What the task asks:
Below are the records; give again exactly the lines that run from the one with "雑貨 手作り 【stn004】" through the last line.

Given records:
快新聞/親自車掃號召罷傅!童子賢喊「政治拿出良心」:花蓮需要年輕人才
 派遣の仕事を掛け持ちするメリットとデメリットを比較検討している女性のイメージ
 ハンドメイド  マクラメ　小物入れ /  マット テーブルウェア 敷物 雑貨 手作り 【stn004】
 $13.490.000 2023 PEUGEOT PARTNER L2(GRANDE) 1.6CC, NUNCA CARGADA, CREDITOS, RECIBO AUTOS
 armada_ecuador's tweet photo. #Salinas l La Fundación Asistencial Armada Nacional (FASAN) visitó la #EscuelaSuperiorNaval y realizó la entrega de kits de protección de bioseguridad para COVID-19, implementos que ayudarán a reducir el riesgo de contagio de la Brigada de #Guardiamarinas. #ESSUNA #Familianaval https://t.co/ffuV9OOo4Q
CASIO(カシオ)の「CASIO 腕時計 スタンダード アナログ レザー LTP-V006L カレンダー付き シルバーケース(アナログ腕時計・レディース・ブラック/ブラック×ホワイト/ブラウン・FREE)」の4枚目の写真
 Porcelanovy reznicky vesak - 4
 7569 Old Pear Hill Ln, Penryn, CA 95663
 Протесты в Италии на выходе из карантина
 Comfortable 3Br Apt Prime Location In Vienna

Reply:
 ハンドメイド  マクラメ　小物入れ /  マット テーブルウェア 敷物 雑貨 手作り 【stn004】
 $13.490.000 2023 PEUGEOT PARTNER L2(GRANDE) 1.6CC, NUNCA CARGADA, CREDITOS, RECIBO AUTOS
 armada_ecuador's tweet photo. #Salinas l La Fundación Asistencial Armada Nacional (FASAN) visitó la #EscuelaSuperiorNaval y realizó la entrega de kits de protección de bioseguridad para COVID-19, implementos que ayudarán a reducir el riesgo de contagio de la Brigada de #Guardiamarinas. #ESSUNA #Familianaval https://t.co/ffuV9OOo4Q
CASIO(カシオ)の「CASIO 腕時計 スタンダード アナログ レザー LTP-V006L カレンダー付き シルバーケース(アナログ腕時計・レディース・ブラック/ブラック×ホワイト/ブラウン・FREE)」の4枚目の写真
 Porcelanovy reznicky vesak - 4
 7569 Old Pear Hill Ln, Penryn, CA 95663
 Протесты в Италии на выходе из карантина
 Comfortable 3Br Apt Prime Location In Vienna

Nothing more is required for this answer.